Ein Unternehmen des Gartenbaues hat dagegen nicht vorgelegen. Zwar kann die Aufzucht von (Wald-) Bäumen auch gärtnerisch betrieben werden (Baumschule). Jedoch unterscheidet sich das Unternehmen des Gartenbaues von dem forstwirtschaftlichen Unternehmen u.a. durch die Intensität der Bewirtschaftungsweise (vgl. Brackmann a.a.O.; S. 495; Noell/Breitbach, Landwirtschaftliche Unfallversicherung, § 776 Anm. 4 c; Lauterbach, Gesetzliche Unfallversicherung, 3. Aufl., § 776 Anm. 7; Herrmann ZfS 1963, 85).
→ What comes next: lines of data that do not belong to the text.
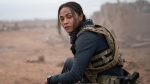 Lioness Season 3 Roars on Paramount: Premiere Hits 7.1 Million Viewers in First Seven Days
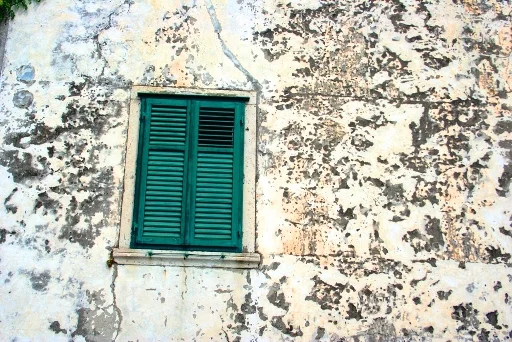 コラムニスト募集中！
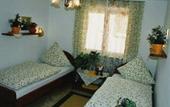 Туры в отель Hostel Heinzelmannchen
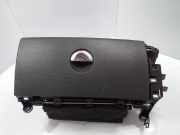 BMW MINI R60 COUNTRY Bj.2013 Handschuhfach 85600001 ab 02.13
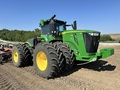 2024 John Deere 9R 540 Tractor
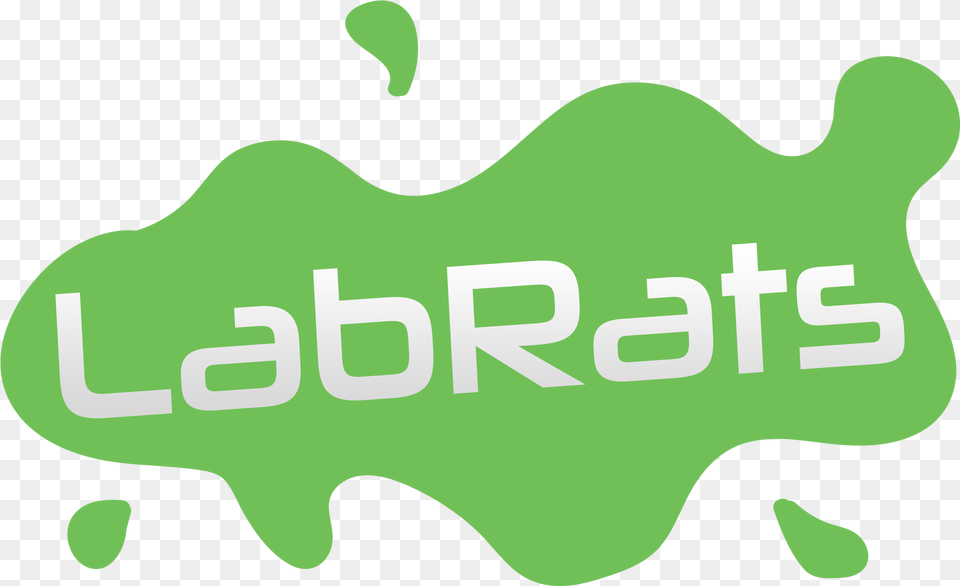 Labrat Graphic Design, Green, Logo Png Image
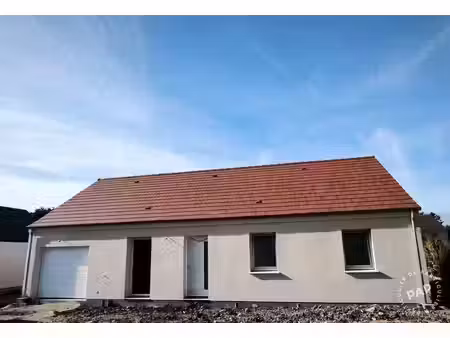meung-sur-loire (45130)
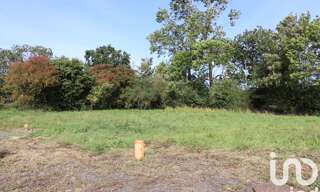 Terrain  925 m² à vendre à Agy (14400)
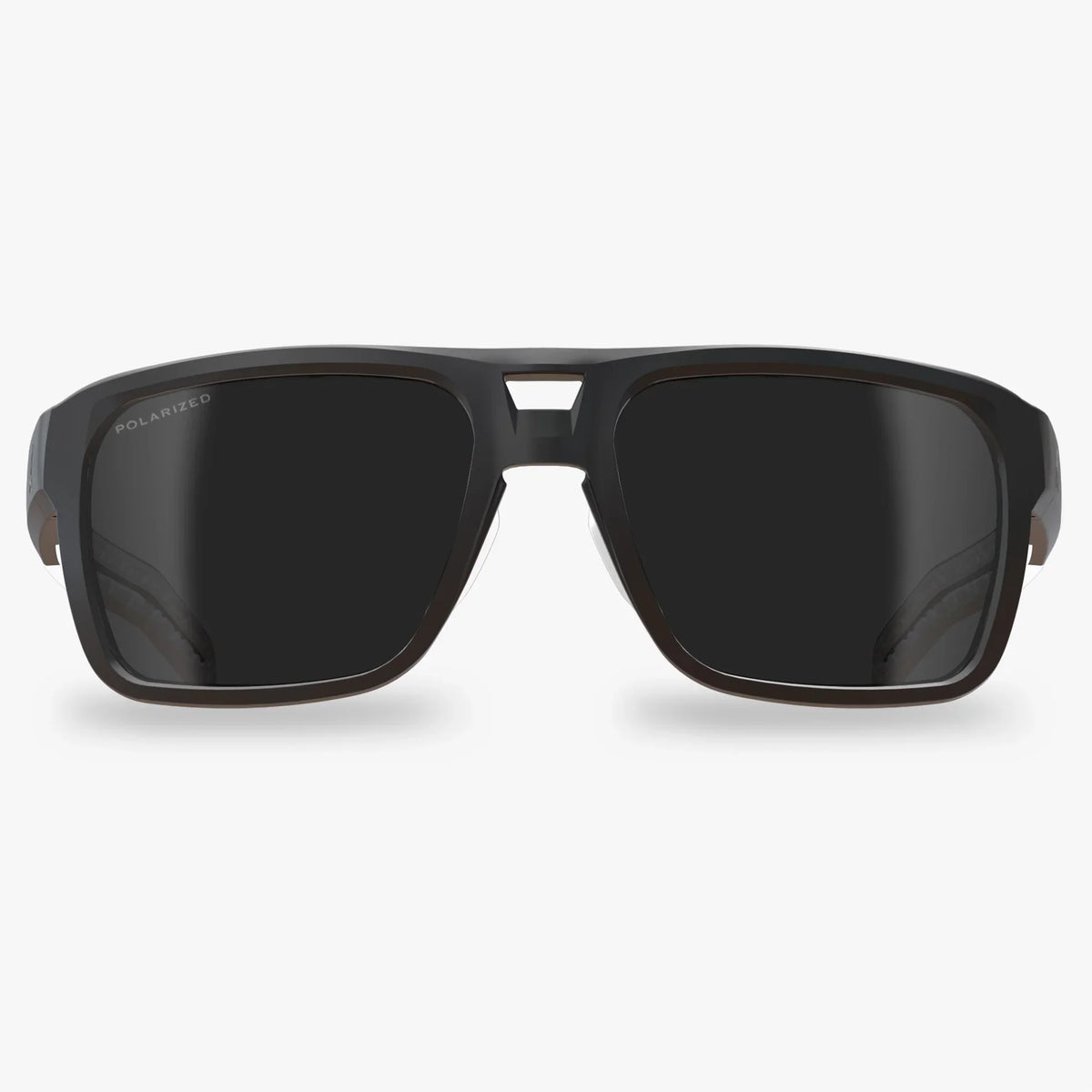 Edge Tactical Eyewear Brille Highline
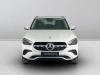 Mercedes-Benz GLA Mercedes 250 e phev (eq-power) Sport Plus auto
Im vorliegenden Fall fehlt jeder Anhalt dafür, daß das Waldgrundstück bei gesteigerter intensiver Bodenbearbeitung mit höherem Arbeitsaufwand als in land- und forstwirtschaftlichen Unternehmen üblich bewirtschaftet wurde.

Für die Entschädigung des Unfalls des Sch. kommt daher nur eine landwirtschaftliche Berufsgenossenschaft in Betracht, und zwar die Klägerin, die für den örtlichen Bezirk, in dem das forstwirtschaftliche Unternehmen der Zeugin D… gelegen ist, zuständig ist. Die Revision der Klägerin mußte deshalb zurückgewiesen werden.

Die Kostenentscheidung folgt aus § 193 SGG.